PRESENÇA DO ESTUDANTE INHUC CAMBAXIRRA 
Romance
208 páginas
Ed. autor
Brasília/DF

Idéias estranhas sobre curso e idade
(18º capítulo)

        No dia seguinte acordou Inhuc com a melhor disposição.
        Desde que começara a andar em companhia de Jocineide, uma secreta pontinha de inveja começara a luzir na base do cerebelo inhuqueano. Vontade de ser vedete também, centro, "cartaz" e líder, e isso, por misterioso labirinto dalma, ia conectar com a sua trirepetência.
        Ao escovar os dentes, pensava: "Este ano era bom que eu fosse aprovado. Estou ficando velho. Acho que uma divisa de segundanista não me faz mal nenhum. Depois, se for o caso, largo os estudos. Mas, largar no primeiro ano, fica chato... O importante é saber, lógico. O diabo é que eu não sei nada mesmo. Andei brincando demais... Mas este ano vou passar".

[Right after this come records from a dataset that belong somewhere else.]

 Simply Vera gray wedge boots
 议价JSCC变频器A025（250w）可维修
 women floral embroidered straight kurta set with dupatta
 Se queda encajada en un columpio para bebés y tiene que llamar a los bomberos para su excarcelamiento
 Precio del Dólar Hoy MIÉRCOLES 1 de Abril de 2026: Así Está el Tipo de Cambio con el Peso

        À hora do café todo mundo estava olhando uma auréola de anjo que se criara exatamente na cabeça de Inhuc Cambaxirra. Ou não? É que todo mundo estava de cara pra sima mesmo, lesando. Mas Inhuc era um santo, ungido, coroado, vestido de linho: imaculado menino.

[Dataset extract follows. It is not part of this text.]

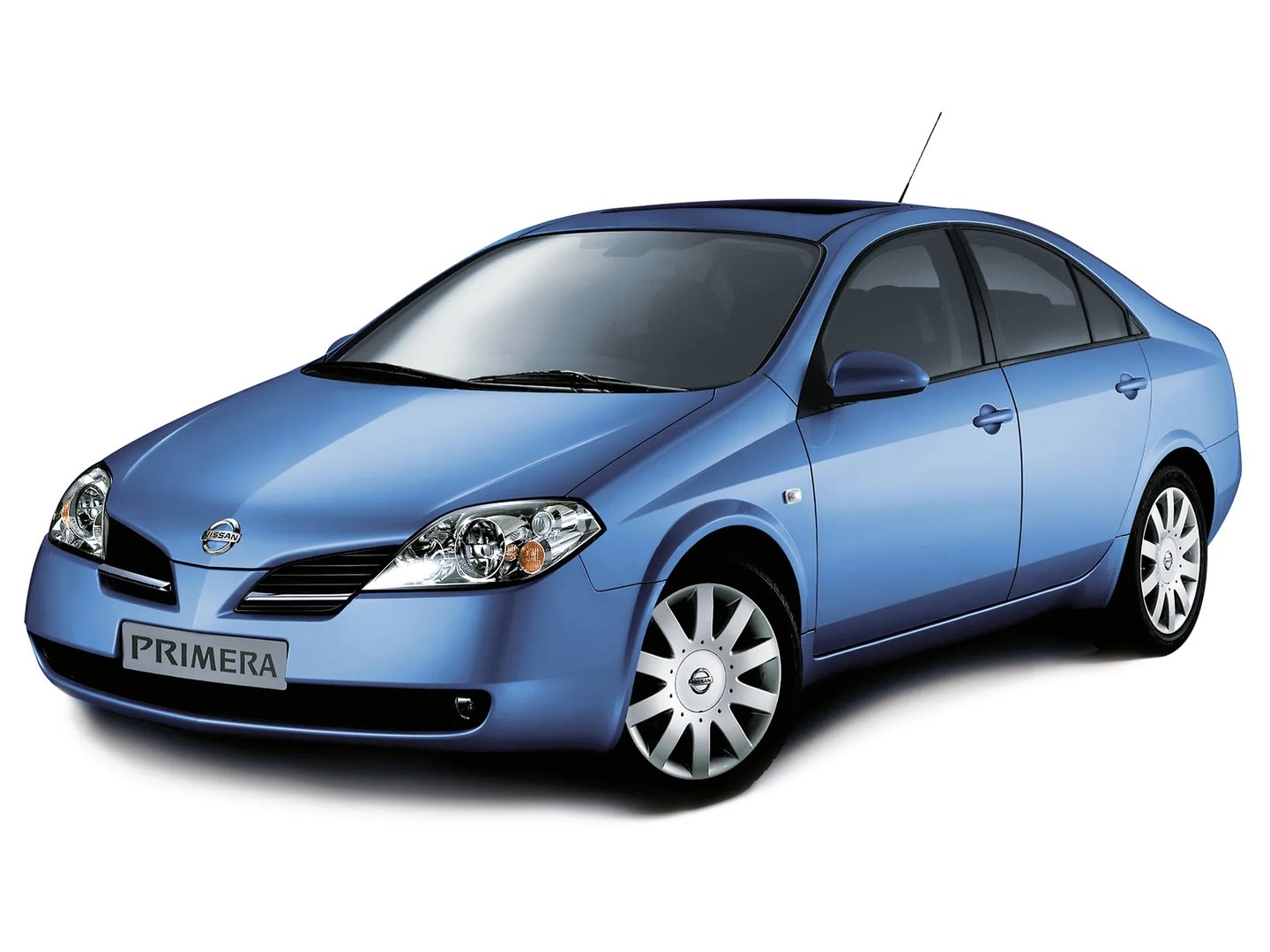 Nissan Primera 3 generation  Sedan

        Pelo menos saiu assim de casa, e logo atolou o pé numa poça de lama que lhe respingou a farda.
        Pela Rua Joaquim Nabuco acima, seguiu roendo aquela idéia de aprovação. O moleque Zezé falou de um assassinato ocorrido no "Buraco do Pinto", que era como chamavam a Ramos Ferreira nos lados que confluía com a Nabuco. Já era o sétimo crime cometido pelo mesmo sujeito, que vinha das bandas do Tefé, e deixara fama no Alto Solimões.
        Nem isso o interessou. Resmungou qualquer coisa e foi andando. Morcegou um bom bonde, pra não perder o costume ficou no fim do estribo, enquanto o condutor, gordinho e de suíças, andava pela frente sacudindo uns trocos.

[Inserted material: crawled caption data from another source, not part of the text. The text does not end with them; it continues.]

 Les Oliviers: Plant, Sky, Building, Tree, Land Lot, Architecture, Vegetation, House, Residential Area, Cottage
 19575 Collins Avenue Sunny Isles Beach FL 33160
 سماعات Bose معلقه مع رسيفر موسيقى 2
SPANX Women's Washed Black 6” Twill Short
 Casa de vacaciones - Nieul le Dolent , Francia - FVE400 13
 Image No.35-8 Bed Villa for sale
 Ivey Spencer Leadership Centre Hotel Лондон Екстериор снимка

        Já estava perto do Ginásio quando o condutor se aproximava. Nada mais fácil do que saltar andando. Lembrou-se do Baguary, um colega que era um tremendão pão-duro, não pagando passagem de bonde em hipótese alguma. Uma vez saltara com o veículo aos "nove pontos", pour pouco a cara esborrachando não em sólida parede do quartel dos bombeiros. Mas saíra invicto, sem pagar. Inhuc acabara com aquela amizade, pois o Baguary lhe dava nos nervos. Aquele era demais.
 
 

        Saltou, de "espanholita", do bonde, na Rua Lauro Cavlcanti, perto do Ginásio, e saiu andando passadas jogadas. Entrou Ginásio adentro e foi direto à Secretaria.
        — Quero saber minhas notas! Tudo sobre a minha pessoa.
        O Raimundinho, chefe da Secretaria achou graça aquela disposição. Era a primeira vez que via Inhuc Cambaxirra com tal acesso, e pr isso aquiesceu a tudo. Auxiliou-
o a ver o seu quadro escolar: a coisa não estava tão má. Se tirasse notas mensais normalmente, sem faltar, estaria equilibrado para passar de ano. Depois, nas proas, ele jurava que seria aprovado. Inteligência Inhuc não faltava, todos sabiam disso no Ginásio. Agora, com o número de faltas que ele habitualmente perfazia, é que não tinha sido possível, até aquela data, nenhuma aprovação. Isso acrescido, diga-se a verdade, de algumas suspensões justíssimas no seu trienium vitae de memórias de mangas verdes e sabão nos trilhos.
        Inhuc saiu tranqüilo naquele dia e fez mentalmente um nó-cego de jura de que iria estudar bastante e freqüentar mesmo.
        Pela rua, pensando sério, andando no rumo da estação bondes, parece que tinha descoberto o futuro.